The dahboard light goes on and off and I pulled out the plug (the one located left to the steering) and this white plug has a lose connection and looks like I would need to replace the plug and the wires connected to it. But I don't know the name of this part - not even sure if that's a standard nissan part or the previous owner installed it or something..

Here's the images..










This is how it shows up from outside..










That white plug has the lose connection..

Thanks!

(I by mistake posted the same thread in B13 too, sorry)


----------



## joenobodyx (Jan 27, 2003)

Since we're on this subject, does this part just pop out, or do I need any special tools? The reason I ask is because the green light on my cruise control main switch has burned out.

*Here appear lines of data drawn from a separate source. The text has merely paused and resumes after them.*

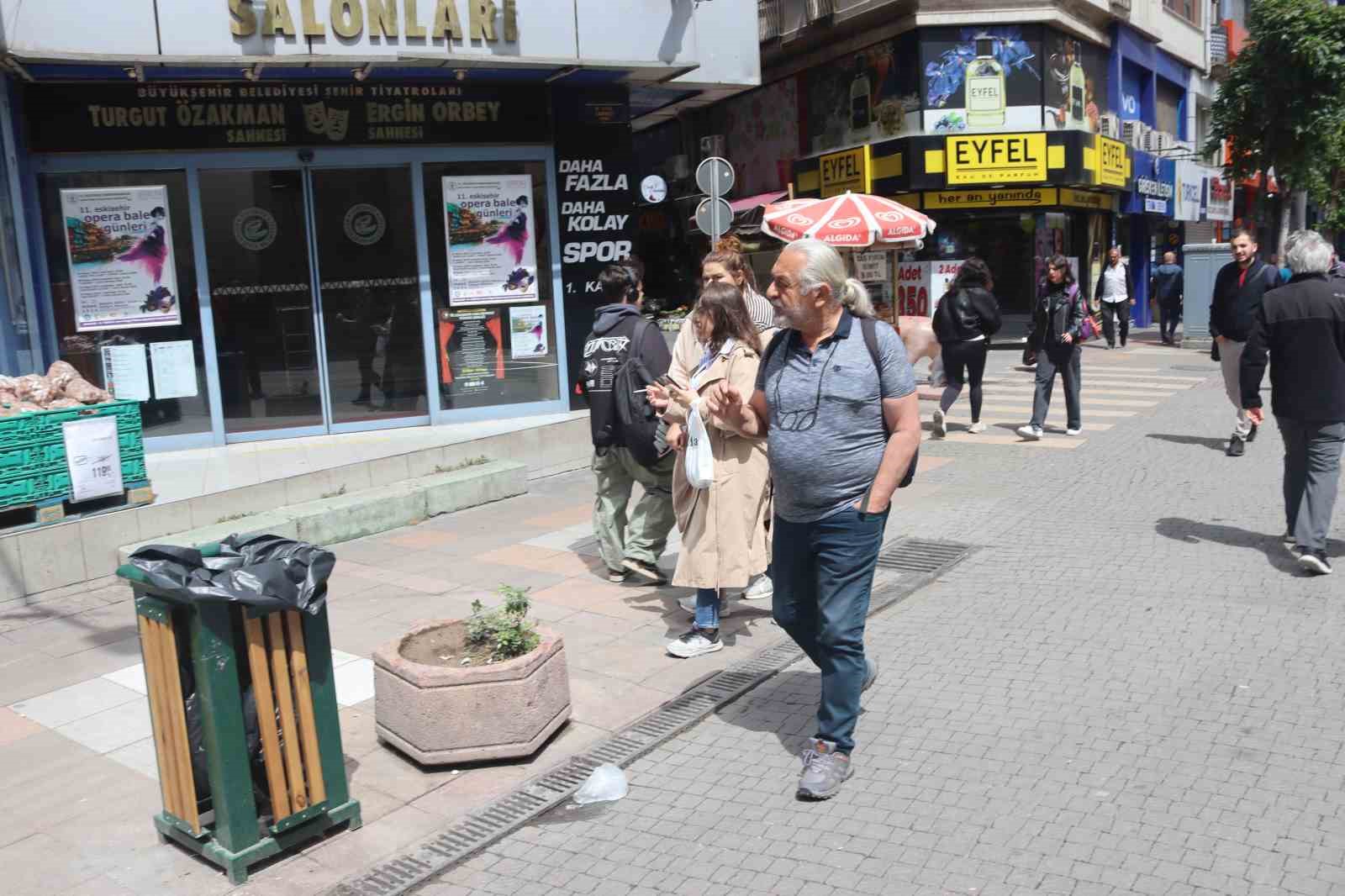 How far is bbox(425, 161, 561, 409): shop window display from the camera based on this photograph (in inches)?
434

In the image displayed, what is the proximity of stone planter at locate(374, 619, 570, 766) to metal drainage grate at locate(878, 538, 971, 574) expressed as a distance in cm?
314

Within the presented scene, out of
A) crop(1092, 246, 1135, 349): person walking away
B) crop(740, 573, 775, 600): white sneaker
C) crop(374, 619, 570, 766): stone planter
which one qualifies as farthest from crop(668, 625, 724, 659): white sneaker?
crop(1092, 246, 1135, 349): person walking away

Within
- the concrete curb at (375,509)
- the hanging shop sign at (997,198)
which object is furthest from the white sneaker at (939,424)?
the hanging shop sign at (997,198)

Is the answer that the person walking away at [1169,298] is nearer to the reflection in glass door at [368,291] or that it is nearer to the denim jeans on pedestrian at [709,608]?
the reflection in glass door at [368,291]

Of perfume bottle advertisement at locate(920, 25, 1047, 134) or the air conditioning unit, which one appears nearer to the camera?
perfume bottle advertisement at locate(920, 25, 1047, 134)

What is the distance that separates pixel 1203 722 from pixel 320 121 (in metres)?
8.85

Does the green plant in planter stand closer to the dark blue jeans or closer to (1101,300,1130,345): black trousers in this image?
the dark blue jeans

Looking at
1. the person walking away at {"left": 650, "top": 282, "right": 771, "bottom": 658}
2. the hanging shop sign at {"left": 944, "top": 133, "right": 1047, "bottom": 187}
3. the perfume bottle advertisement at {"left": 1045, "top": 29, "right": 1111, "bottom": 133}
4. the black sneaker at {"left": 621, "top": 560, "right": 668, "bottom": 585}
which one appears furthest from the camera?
the perfume bottle advertisement at {"left": 1045, "top": 29, "right": 1111, "bottom": 133}

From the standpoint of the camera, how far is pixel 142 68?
30.3ft

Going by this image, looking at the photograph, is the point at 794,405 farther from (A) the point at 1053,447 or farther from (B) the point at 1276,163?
(B) the point at 1276,163

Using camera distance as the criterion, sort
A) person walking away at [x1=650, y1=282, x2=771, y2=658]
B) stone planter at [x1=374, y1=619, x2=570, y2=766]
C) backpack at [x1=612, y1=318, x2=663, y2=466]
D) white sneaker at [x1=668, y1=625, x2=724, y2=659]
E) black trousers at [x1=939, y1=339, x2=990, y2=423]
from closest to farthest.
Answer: stone planter at [x1=374, y1=619, x2=570, y2=766] → person walking away at [x1=650, y1=282, x2=771, y2=658] → white sneaker at [x1=668, y1=625, x2=724, y2=659] → backpack at [x1=612, y1=318, x2=663, y2=466] → black trousers at [x1=939, y1=339, x2=990, y2=423]

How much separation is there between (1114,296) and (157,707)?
61.8 feet

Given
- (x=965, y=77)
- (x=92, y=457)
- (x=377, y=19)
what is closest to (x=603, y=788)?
(x=92, y=457)

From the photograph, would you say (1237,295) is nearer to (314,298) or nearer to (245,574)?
(314,298) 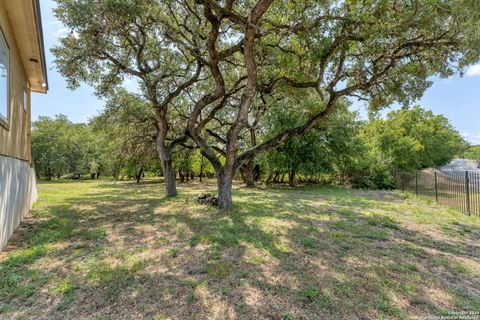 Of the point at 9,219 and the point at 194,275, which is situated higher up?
the point at 9,219

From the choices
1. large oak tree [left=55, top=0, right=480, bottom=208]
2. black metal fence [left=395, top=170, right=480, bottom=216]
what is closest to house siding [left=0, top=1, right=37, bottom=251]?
large oak tree [left=55, top=0, right=480, bottom=208]

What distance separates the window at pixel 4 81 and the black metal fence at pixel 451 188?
10654mm

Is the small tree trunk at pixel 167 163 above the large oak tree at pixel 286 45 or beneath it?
beneath

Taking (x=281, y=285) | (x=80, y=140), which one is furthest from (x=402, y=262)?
(x=80, y=140)

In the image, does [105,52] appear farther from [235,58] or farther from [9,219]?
[9,219]

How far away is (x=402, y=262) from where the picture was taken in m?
→ 3.47

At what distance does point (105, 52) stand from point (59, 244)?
19.3ft

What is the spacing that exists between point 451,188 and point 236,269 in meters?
8.73

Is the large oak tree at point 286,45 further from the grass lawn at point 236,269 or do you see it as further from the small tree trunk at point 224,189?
the grass lawn at point 236,269

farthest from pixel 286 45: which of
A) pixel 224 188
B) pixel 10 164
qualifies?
pixel 10 164

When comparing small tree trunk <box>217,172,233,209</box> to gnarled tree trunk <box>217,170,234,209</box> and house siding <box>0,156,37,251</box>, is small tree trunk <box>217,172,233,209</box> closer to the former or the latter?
gnarled tree trunk <box>217,170,234,209</box>

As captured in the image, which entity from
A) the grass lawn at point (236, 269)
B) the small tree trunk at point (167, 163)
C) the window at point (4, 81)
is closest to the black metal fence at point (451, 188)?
the grass lawn at point (236, 269)

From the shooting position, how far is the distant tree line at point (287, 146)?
35.3 ft

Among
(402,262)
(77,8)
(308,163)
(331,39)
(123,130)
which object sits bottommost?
(402,262) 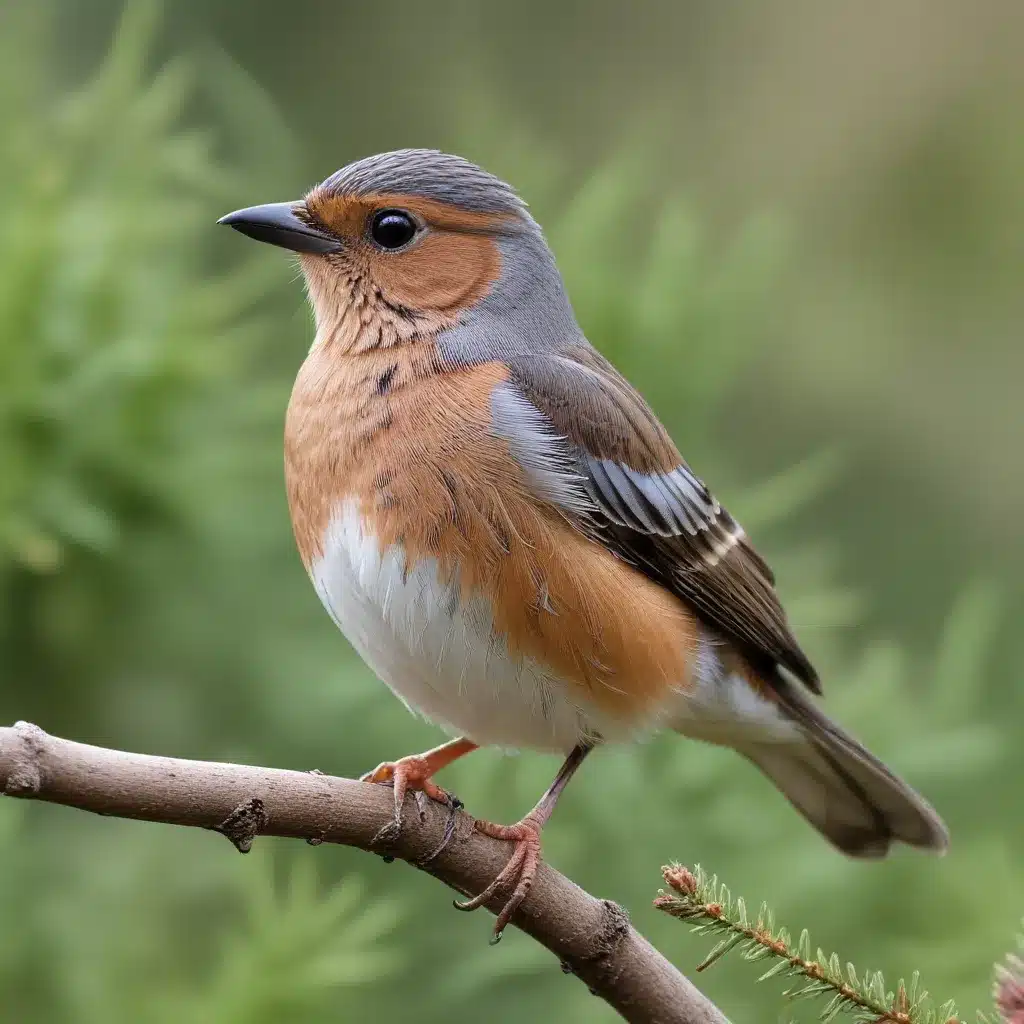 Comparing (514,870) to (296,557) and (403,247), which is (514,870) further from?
(296,557)

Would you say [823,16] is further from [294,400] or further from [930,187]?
[294,400]

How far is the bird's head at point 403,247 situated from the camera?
2988 millimetres

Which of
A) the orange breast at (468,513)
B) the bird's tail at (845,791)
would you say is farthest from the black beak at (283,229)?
the bird's tail at (845,791)

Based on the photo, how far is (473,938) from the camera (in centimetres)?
338

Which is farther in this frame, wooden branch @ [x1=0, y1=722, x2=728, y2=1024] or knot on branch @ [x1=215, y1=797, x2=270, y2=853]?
knot on branch @ [x1=215, y1=797, x2=270, y2=853]

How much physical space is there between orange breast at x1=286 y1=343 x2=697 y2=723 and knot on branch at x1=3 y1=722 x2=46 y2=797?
0.92 meters

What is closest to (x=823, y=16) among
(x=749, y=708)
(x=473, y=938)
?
(x=749, y=708)

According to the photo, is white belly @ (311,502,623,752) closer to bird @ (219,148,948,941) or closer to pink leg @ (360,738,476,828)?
bird @ (219,148,948,941)

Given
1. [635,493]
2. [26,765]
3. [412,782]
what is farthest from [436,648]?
[26,765]

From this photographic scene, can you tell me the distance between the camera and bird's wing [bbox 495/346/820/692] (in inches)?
111

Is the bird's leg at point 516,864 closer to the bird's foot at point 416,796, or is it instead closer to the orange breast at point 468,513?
the bird's foot at point 416,796

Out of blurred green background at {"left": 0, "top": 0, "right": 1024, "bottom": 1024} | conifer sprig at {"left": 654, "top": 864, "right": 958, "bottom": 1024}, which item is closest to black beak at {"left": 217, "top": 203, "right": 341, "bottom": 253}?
blurred green background at {"left": 0, "top": 0, "right": 1024, "bottom": 1024}

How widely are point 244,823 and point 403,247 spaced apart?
1.42 metres

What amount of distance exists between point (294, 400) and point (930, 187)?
3200mm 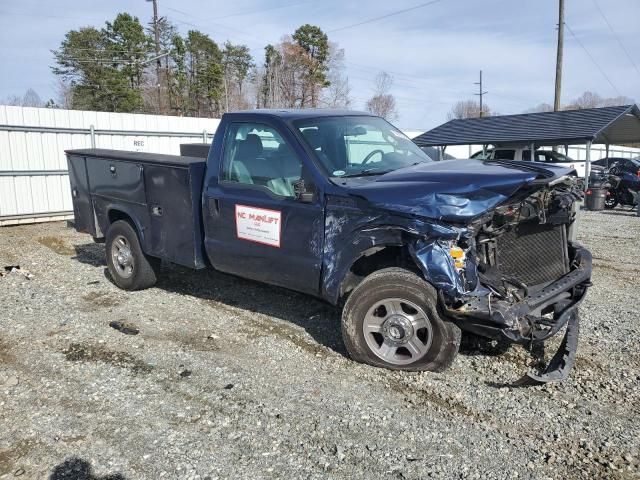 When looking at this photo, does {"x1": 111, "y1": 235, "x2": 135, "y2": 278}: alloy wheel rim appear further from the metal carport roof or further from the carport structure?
the metal carport roof

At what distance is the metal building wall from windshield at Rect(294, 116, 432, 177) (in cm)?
1012

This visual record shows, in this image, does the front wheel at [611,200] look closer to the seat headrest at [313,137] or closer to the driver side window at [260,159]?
the seat headrest at [313,137]

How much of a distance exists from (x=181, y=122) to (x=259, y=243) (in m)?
11.2

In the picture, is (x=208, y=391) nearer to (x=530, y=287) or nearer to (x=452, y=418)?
(x=452, y=418)

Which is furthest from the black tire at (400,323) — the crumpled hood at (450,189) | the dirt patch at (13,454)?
the dirt patch at (13,454)

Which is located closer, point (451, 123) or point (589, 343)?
point (589, 343)

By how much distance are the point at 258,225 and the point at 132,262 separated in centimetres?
233

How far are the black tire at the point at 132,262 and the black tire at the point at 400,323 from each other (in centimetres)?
306

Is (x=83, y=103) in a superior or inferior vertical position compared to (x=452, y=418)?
superior

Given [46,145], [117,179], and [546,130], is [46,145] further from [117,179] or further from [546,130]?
[546,130]

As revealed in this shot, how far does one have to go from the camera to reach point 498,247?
4.04 m

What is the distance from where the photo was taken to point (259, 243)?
15.6 feet

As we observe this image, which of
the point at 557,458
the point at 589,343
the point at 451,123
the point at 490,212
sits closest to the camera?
the point at 557,458

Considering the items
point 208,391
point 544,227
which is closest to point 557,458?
point 544,227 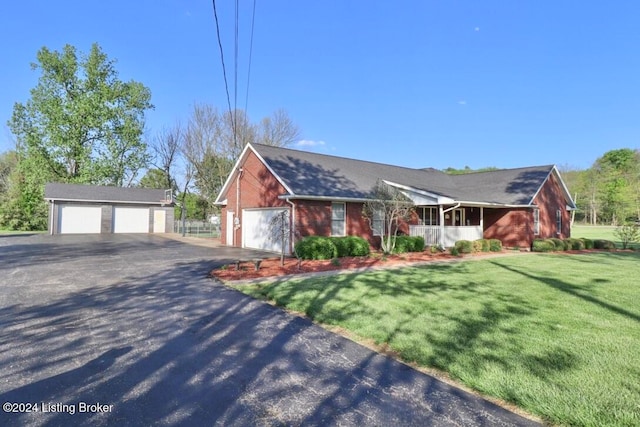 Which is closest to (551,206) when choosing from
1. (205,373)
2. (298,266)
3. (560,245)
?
(560,245)

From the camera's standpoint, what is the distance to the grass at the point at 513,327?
338cm

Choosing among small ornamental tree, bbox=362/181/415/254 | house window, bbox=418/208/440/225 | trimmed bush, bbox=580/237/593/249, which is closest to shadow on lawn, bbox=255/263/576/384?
small ornamental tree, bbox=362/181/415/254

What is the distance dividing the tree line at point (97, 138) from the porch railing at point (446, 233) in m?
21.3

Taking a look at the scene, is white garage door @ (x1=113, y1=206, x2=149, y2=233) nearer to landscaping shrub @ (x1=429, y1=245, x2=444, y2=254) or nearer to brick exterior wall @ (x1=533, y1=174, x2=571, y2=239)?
landscaping shrub @ (x1=429, y1=245, x2=444, y2=254)

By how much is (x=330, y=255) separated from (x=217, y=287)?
601 centimetres

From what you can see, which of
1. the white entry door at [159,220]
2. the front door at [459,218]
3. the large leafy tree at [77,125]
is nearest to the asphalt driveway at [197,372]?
the front door at [459,218]

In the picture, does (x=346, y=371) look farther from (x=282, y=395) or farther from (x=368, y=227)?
(x=368, y=227)

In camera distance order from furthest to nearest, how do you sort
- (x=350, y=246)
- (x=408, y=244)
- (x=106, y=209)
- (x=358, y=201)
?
(x=106, y=209) → (x=358, y=201) → (x=408, y=244) → (x=350, y=246)

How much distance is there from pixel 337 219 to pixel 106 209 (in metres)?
24.7

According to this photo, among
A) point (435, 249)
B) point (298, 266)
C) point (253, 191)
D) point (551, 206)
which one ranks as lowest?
point (298, 266)

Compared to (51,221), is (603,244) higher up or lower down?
lower down

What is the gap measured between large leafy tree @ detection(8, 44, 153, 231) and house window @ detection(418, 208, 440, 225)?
3339 cm

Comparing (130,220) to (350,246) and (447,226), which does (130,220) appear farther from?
(447,226)

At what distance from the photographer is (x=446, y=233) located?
1762 centimetres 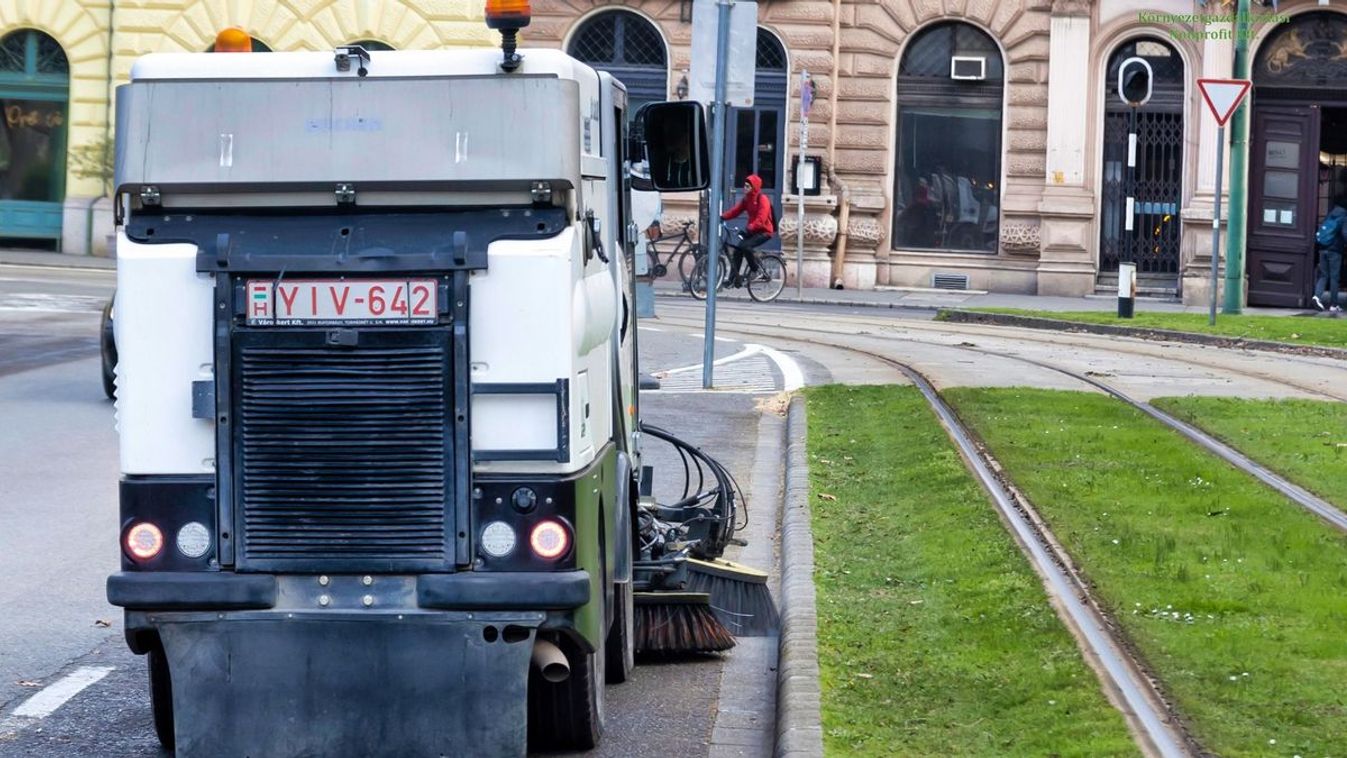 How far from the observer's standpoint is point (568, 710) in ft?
20.2

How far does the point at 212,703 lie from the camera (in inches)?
221

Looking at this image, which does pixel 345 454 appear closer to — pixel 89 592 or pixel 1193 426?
pixel 89 592

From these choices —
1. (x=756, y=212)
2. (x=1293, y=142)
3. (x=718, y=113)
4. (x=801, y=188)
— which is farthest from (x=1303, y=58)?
(x=718, y=113)

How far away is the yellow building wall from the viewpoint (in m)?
32.0

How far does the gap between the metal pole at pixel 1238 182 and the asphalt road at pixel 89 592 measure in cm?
1176

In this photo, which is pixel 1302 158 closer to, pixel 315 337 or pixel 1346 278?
pixel 1346 278

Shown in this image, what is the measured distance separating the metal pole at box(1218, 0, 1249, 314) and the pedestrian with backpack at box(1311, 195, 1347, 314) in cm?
113

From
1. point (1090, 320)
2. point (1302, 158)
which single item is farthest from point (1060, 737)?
point (1302, 158)

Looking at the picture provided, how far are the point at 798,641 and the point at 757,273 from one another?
21.8m

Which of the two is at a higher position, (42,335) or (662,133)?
(662,133)

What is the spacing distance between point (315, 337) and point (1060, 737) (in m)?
2.32

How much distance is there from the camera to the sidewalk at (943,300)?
28.6 m

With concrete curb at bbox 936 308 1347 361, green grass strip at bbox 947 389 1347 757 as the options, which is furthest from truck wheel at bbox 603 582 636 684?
concrete curb at bbox 936 308 1347 361

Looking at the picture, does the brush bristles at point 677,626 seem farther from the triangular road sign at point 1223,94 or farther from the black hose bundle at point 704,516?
the triangular road sign at point 1223,94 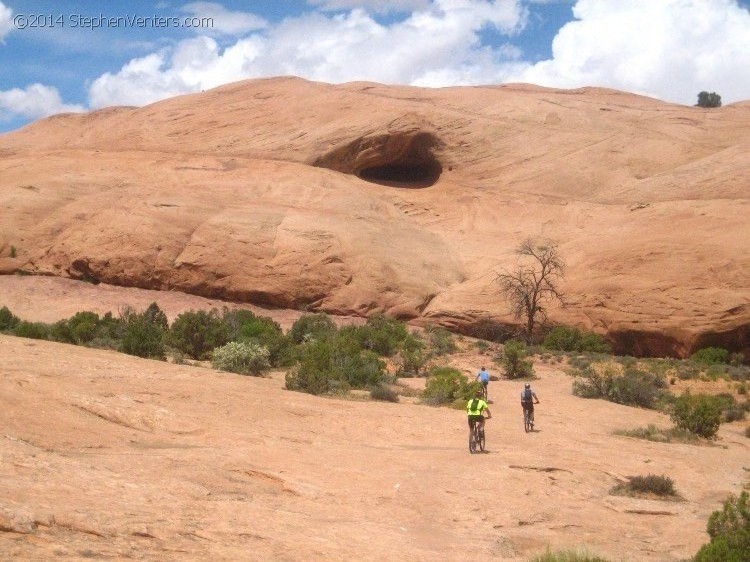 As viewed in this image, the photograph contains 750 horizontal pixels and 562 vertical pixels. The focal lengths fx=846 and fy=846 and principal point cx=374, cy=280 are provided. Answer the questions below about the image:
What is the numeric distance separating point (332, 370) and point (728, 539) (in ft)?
45.7

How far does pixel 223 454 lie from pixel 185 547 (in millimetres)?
4204

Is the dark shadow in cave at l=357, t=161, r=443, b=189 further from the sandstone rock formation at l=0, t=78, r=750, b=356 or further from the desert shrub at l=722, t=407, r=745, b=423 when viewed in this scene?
the desert shrub at l=722, t=407, r=745, b=423

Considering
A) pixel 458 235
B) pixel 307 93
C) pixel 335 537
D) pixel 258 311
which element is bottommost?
pixel 335 537

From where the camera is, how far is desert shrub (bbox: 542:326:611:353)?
1145 inches

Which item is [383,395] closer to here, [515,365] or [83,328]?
[515,365]

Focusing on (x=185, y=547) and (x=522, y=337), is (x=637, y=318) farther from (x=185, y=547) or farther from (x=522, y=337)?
(x=185, y=547)

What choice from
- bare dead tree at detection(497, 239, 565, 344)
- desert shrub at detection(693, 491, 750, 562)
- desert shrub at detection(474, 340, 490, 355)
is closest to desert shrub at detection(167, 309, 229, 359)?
desert shrub at detection(474, 340, 490, 355)

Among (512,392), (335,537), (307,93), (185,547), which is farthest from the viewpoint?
(307,93)

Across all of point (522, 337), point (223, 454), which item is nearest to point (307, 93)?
point (522, 337)

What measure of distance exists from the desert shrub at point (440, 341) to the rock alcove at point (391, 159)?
12913mm

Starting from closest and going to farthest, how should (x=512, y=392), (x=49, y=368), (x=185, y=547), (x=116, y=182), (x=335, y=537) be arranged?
(x=185, y=547), (x=335, y=537), (x=49, y=368), (x=512, y=392), (x=116, y=182)

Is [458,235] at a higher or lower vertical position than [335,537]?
higher

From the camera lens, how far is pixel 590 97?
47500mm

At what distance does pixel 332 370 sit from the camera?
20.4 meters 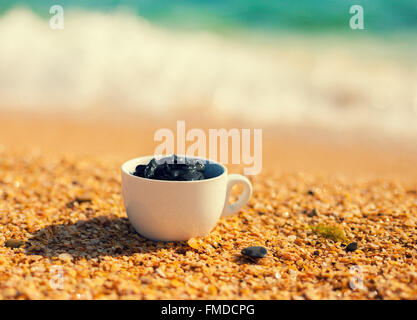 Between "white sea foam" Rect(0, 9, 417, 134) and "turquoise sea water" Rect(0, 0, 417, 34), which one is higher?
"turquoise sea water" Rect(0, 0, 417, 34)

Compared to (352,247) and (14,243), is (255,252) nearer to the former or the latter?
(352,247)

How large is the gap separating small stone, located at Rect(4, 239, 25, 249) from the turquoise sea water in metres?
8.90

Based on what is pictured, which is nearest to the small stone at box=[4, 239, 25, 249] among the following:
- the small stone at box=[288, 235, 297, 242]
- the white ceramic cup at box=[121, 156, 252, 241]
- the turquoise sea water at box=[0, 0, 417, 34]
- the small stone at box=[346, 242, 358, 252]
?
the white ceramic cup at box=[121, 156, 252, 241]

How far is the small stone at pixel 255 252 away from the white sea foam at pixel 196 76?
13.0ft

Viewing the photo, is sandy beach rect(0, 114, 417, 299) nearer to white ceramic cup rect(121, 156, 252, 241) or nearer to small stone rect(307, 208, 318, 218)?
small stone rect(307, 208, 318, 218)

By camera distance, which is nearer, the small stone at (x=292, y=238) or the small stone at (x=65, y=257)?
the small stone at (x=65, y=257)

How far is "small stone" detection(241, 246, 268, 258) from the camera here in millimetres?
2654

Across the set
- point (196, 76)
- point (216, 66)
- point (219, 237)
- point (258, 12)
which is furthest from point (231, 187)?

The switch itself still works, but the light itself no longer functions. Does anyone have any experience with this issue? Is this an easy fix, or something I shold save for my mechanic? Thanks in advance.


----------



## Ninety-Nine SE-L (May 5, 2002)

drock: If the switch looks broken, try just replacing the switch, you can pick one up at a junk yard for like $5 (or 5-finger discount depending on the place .....setaling is wrong, tho). If the white harness is the problem, you can prolly splice a new one on if you're any good at wiring.

nbkoontz: all those switches just pop out. Get the entire trim piece off with a small screwdriver, disconnect the item and slide it out of the trim piece. Fixing a light bulb is easy, I'm sure it's a #194 bulb. Lower the wheel, take out the instrument cluster (6 screws in all), and change the bulb from the back.


----------